To illustrate the operation of the algorithm, six example distributions are presented. Figure 4a shows the invariant mass distribution of the event class with one photon, three light jets and large missing transverse momentum (\(E_{\text {T}}^{\text {miss}} {} 1\gamma 3j\)), which has the smallest \(p_{\text {channel}}\) -value in the \(m_{\mathrm {inv}}\) scan. Figure 4b shows the effective mass distribution of the event class with one muon, one electron, four b-jets and two light jets (\(1\mu 1e 4b 2j\)), which has the smallest \(p_{\text {channel}}\) -value in the \(m_{\mathrm {eff}}\) scan. Figure 4c shows the invariant mass distribution of the event class with one electron, one photon, two b-jets and two light jets (\(1e 1\gamma 2b 2j\)). Figure 4d shows the effective mass distribution of the event class with six light jets (6j). Figure 4e shows the invariant mass distribution of the event class with two muons, a light jet and large missing transverse momentum (\(E_{\text {T}}^{\text {miss}} {} 2\mu 1j\)) and Fig. 4f shows the effective mass distribution of the event class with three light jets and large missing transverse momentum (\(E_{\text {T}}^{\text {miss}} 3j\)). The regions with the largest deviation found by the search algorithm in these distributions, an excess in Fig. 4a–c, f, and a deficit in Fig. 4d, e, are indicated by vertical dashed lines.

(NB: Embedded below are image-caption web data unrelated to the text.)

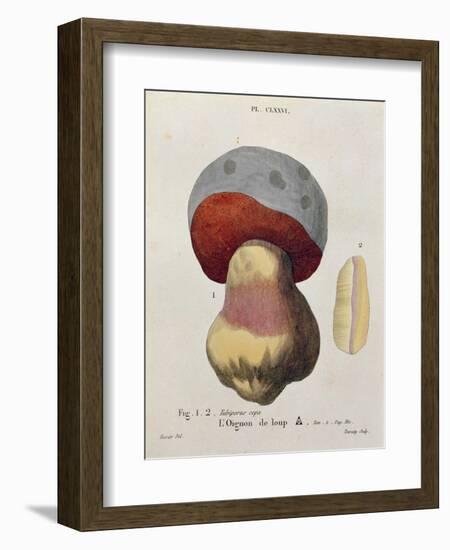 Tubiporus Cepa, Plate 176 from 'Iconographie Des Champignons De J.J. Paulet' by J. H. Leveille-Fossier-Framed Giclee Print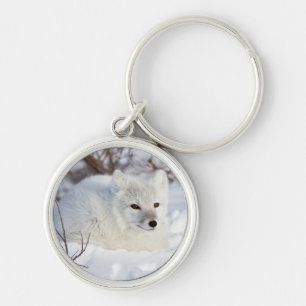 Llavero Fox ártica en invierno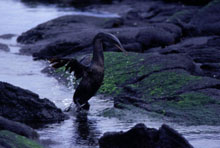 Cormorant Wings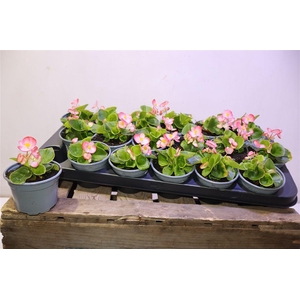 Bego Se Ov Pico Pink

To minimize the impact of few MC events, 213,992 regions where the background prediction has a total relative uncertainty of over 100% are discarded by the algorithm. Discarding a region forces the algorithm to consider a different or larger region in the event class, or if no region in the event class satisfies the condition, to discard the entire event class.Footnote 5 For all discarded regions with \(N_{\text {obs}} >3\) a \(p_0\)-value is calculated. If the \(p_0\)-value is smaller than the \(p_{\text {channel}}\)-value (or if there is no ROI and hence no \(p_{\text {channel}}\)-value), it is evaluated manually by comparing it with the distribution of \(p_{\text {channel}}\)-values from the scan. This is done for 27 event classes among which the smallest \(p_0\)-value observed in a discarded region is 0.01. To model the analysis of discarded regions in pseudo-experiments, regions are allowed to have larger uncertainties if they fulfil the \(N_{\text {obs}} >3\) criterion.

In addition to monitoring regions discarded due to a total uncertainty in excess of 100%, regions discarded due to \(N_{\text {SM}} <0.01\) but with \(N_{\text {obs}} >3\) would also be monitored individually; however, no such region has been observed.

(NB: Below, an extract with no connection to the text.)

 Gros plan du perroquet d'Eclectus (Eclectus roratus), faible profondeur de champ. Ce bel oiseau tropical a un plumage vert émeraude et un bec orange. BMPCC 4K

Tables 4 and 5 list the three event classes with the largest deviations in the \(m_{\mathrm {inv}}\) and \(m_{\mathrm {eff}}\) scans respectively. The largest deviation reported by a dedicated search using the same dataset was observed in an inclusive diphoton data selection at a diphoton mass of around 750 \(\text {GeV}\) with a local significance of \(3.9\sigma \) [49]. Due to the different event selections and background estimates the excess has a lower significance in this analysis. The excess was not confirmed in a dedicated analysis with 2016 data [50].

Table 4 List of the three channels with the smallest \(p_{\text {channel}}\)-values in the scan of the \(m_{\mathrm {inv}}\) distributions
Table 5 List of the three channels with the smallest \(p_{\text {channel}}\)-values in the scan of the \(m_{\mathrm {eff}}\) distributions

3.4 Step 4: Generation of pseudo-experiments

As described in Sect. 2.4, pseudo-experiments are generated to derive the probability of finding a \(p_0\)-value of a given size, for a given observable and algorithm. The \(p_{\text {channel}}\)-value distributions of the pseudo-experiments and their statistical properties can be compared with the \(p_{\text {channel}}\)-value distribution obtained from data. Correlations in the uncertainties of the SM expectation affect this probability and their effect is taken into account in the generation of pseudo-data as outlined in the following.

For the experimental uncertainties, each of the 35 sources of uncertainty is varied independently by drawing a value at random from a Gaussian pdf. This value is assumed to be 100% correlated across all bins and event classes. The uncertainty in the normalization of the various backgrounds is also considered as 100% correlated. Likewise, theoretical shape uncertainties, including those estimated from scale variations or the differences with alternative generators, are assumed to be 100% correlated, with the exception of the uncertainties which are used for some SM processes with small cross-sections. The latter uncertainties are assumed to be uncorrelated, both between event classes and between bins of the same event class. Scale variations are applied in the generation of pseudo-experiments by varying the renormalization, factorization, resummation and merging scales independently. The values for each scale of a given pseudo-experiment are 100% correlated between all bins and event classes. The scales are correlated between processes of the same type which are generated with a similar generator set-up, i.e. scales are correlated among the \(W/Z/\gamma +\text {jets}\) processes, among all the diboson processes, among the \(t\bar{t}+W/Z\) processes, and among the single-top processes.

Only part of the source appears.